Sport

Samara Maxwell wins World Cup mountain bike race in Brazil

10:01 am on 7 April 2025
Samara Maxwell has won the UCI mountain bike cross-country World Cup event in Araxa, Brazil. 7 April, 2025.

Samara Maxwell won the UCI mountain bike cross-country World Cup event in Araxa, Brazil, on 7 April, 2025. Photo: Supplied / Noam Meresse

Mountain biker Samara Maxwell has become the first New Zealand woman to win a UCI MTB cross-country World Cup race.

The 23-year-old Oceania champion, riding for Decathlon Ford, won the opening world series race for this year in Araxa, Brazil.

She was near the front throughout the race and held off Switzerland's Nicole Koller and her American team-mate Savilia Blunk in the sprint finish.

The previous best placing by a Kiwi woman in cross country best was a second by Olympian Rosara Joseph 17 years ago in Australia.

Maxwell had finished second to Evie Richards of Great Britain in the short-track cross-country event in Araxa on Sunday.

Maxwell, who finished eighth in the women's mountain bike at the Paris Olympics, was the women's under-23 cross-country world champion in 2023.

Samara Maxwell competing in women's cross-country mountain biking, Paris 2024 Olympic Games, 28 July 2024.

Samara Maxwell in action at the Paris Olympics. Photo: Photosport

Maxwell is competing in her first full world series season as an elite rider.

She led after the first lap, before dropping 12 seconds behind the leader mid-race before climbing back to the front and opening up an 18-second lead on the penultimate lap.

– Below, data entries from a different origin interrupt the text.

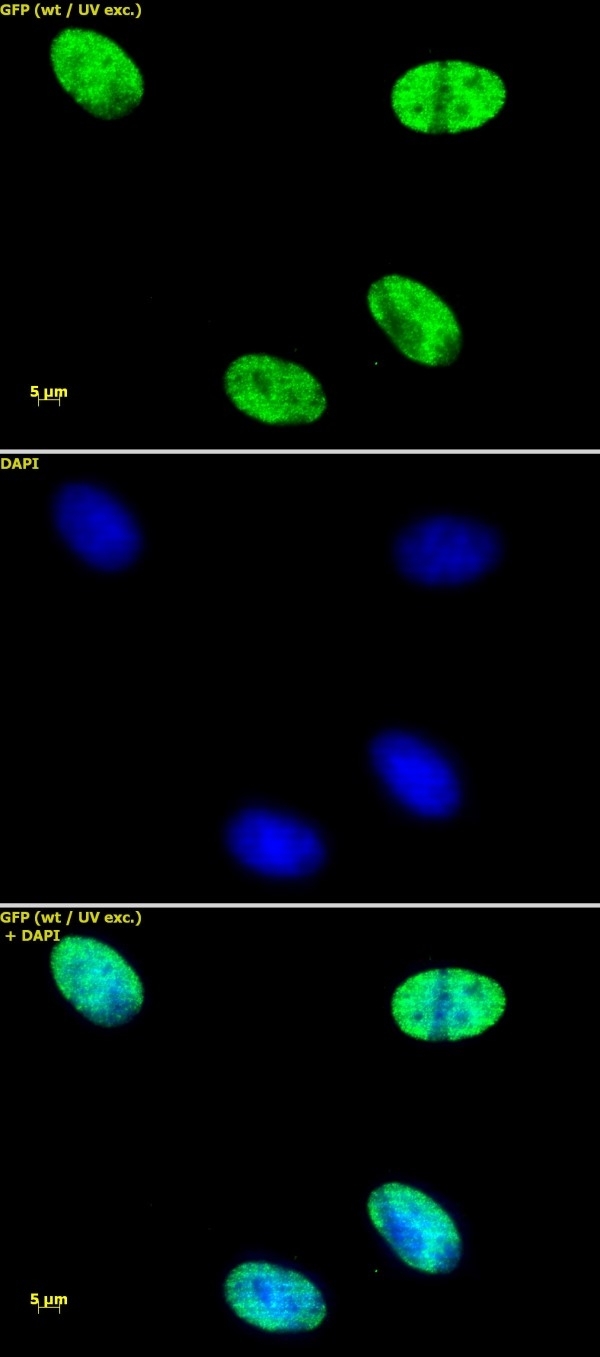 Anti Human Histone H4 (Ac) Antibody gallery image 1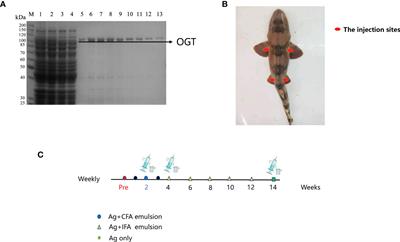 A novel shark single-domain antibody targeting OGT as a tool for detection and intracellular localization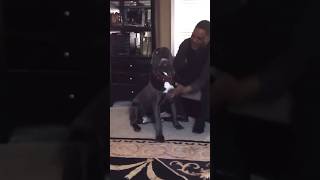 Cane corso anxiety funny canecorso ytshort dogbreed puppy cute viralvideo love bigdog dog [upl. by Robinetta]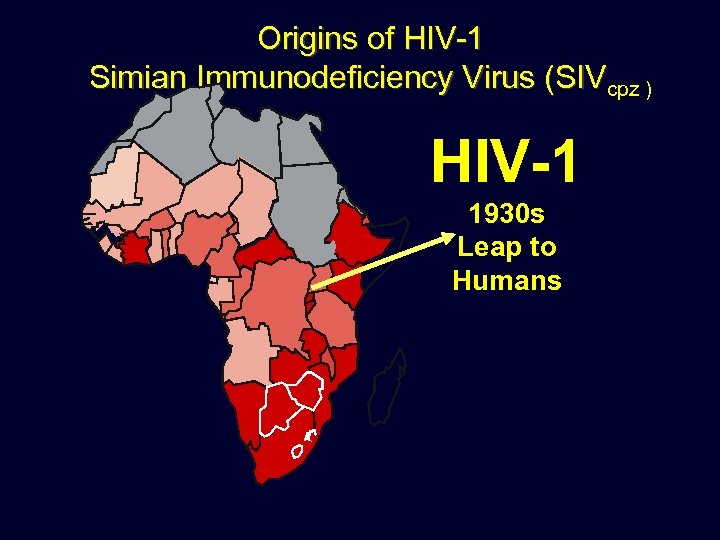 Origins of HIV-1 Simian Immunodeficiency Virus (SIVcpz ) HIV-1 1930 s Leap to Humans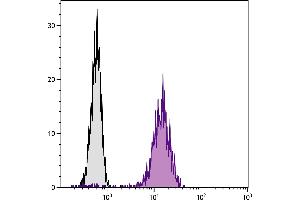 Chinese hamster ovary cell line CHO-K1 and BALB/cAnN mouse B lymphocyte cell line A20 were stained with Hamster Anti-Mouse CD81-BIOT. (CD81 antibody  (Biotin))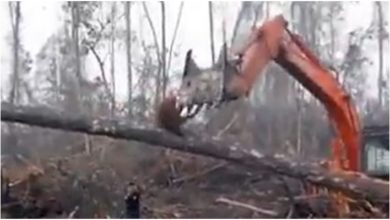Photo of Orangutan clashed with JCB to save his house, users got emotional watching Viral Video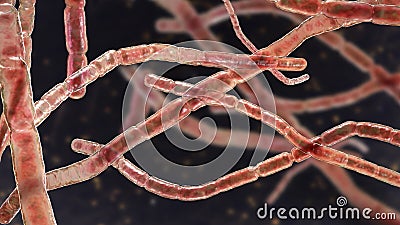 Nocardia bacteria, 3D illustration Cartoon Illustration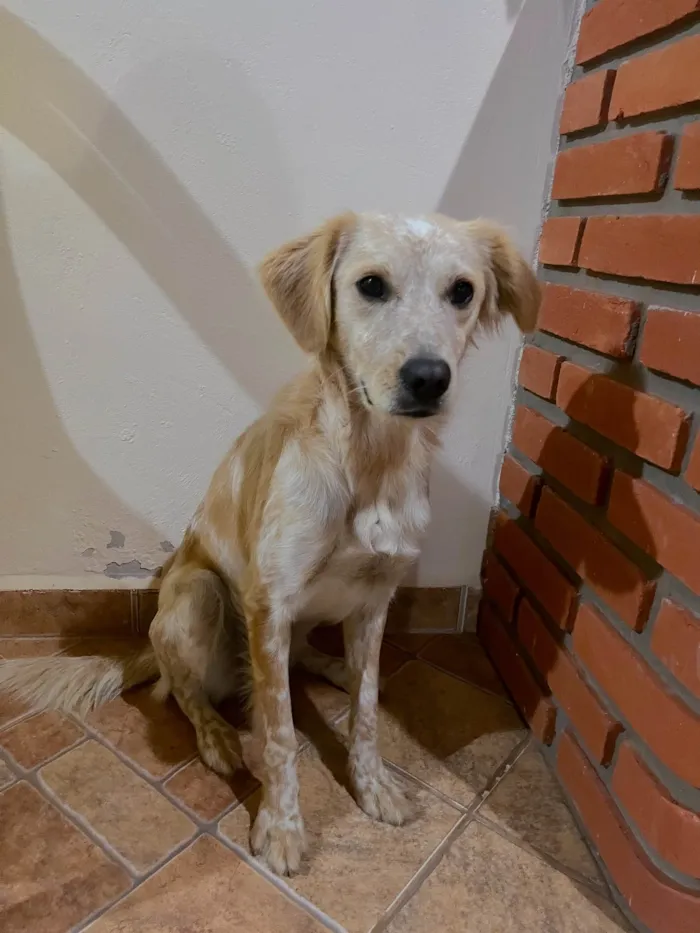 Cachorro ra a SRD-ViraLata idade 1 ano nome Luna 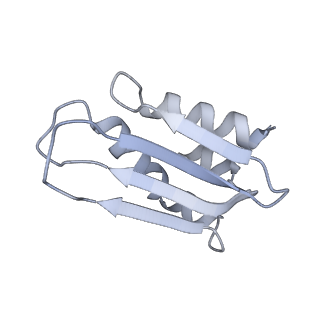 11394_6zsd_k_v2-0
Human mitochondrial ribosome in complex with mRNA, P-site tRNA and E-site tRNA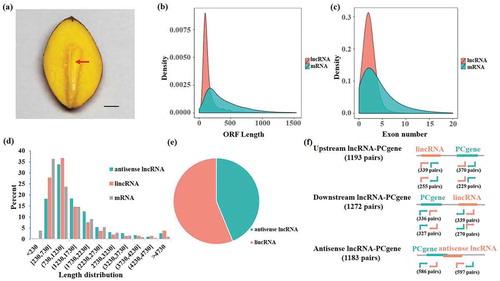 Figure 1. Characterization of long non-coding RNAs (lncRNAs) in Gingko embryos. (a) Embryo of a Gingko seed. Bar = 0.3 cm; arrow = embryo. (b) Open reading frame length density distribution of lncRNAs and mRNAs. (c) Distribution of exon numbers in lncRNAs and mRNAs. (d) Length density distributions of long intergenic noncoding RNAs (lincRNAs), antisense lncRNAs, and mRNAs. (e) Proportion of antisense lncRNAs and lincRNAs within total lncRNAs. (f) Number of lncRNA-mRNA co-location pairs in the Ginkgo embryos.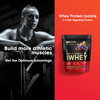 Optimum Nutrition (On) Gold Standard 100% Whey Protein Double Rich Chocolate Flavour 454Gm Powder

She then held her nerve as her pursuers threatened and won by four seconds at the finish line.

"The team manager said it was going to be a hot race, super punchy climbs so to stay in the bunch and with two to go, do what you want. Coming into the feed zone with two laps to go, he looked at me, and said now you go on the climb.

"I've been working super-hard on technical skills on downhill. So I thought if I could get to the front and attack, and if I can get 10 seconds gap, that is a big time to make up.

"I can't believe it worked. I can't wait to watch the race.

"The team has been so incredible to me. I've had a hard time the last two years with my health and the team stood by me. So to have everything fall in to line for these amazing people is the most special part."

Maxwell remains in Brazil for the second round, again at Araxa, but with the course reversed from today.

Oceania champion Anton Cooper finished 36th in the men's race.

The Lapierre Racing Unity rider, who had a year out of the sport with illness, started off the sixth row and gradually found space to move forward, finishing with one of the fastest laps in the field.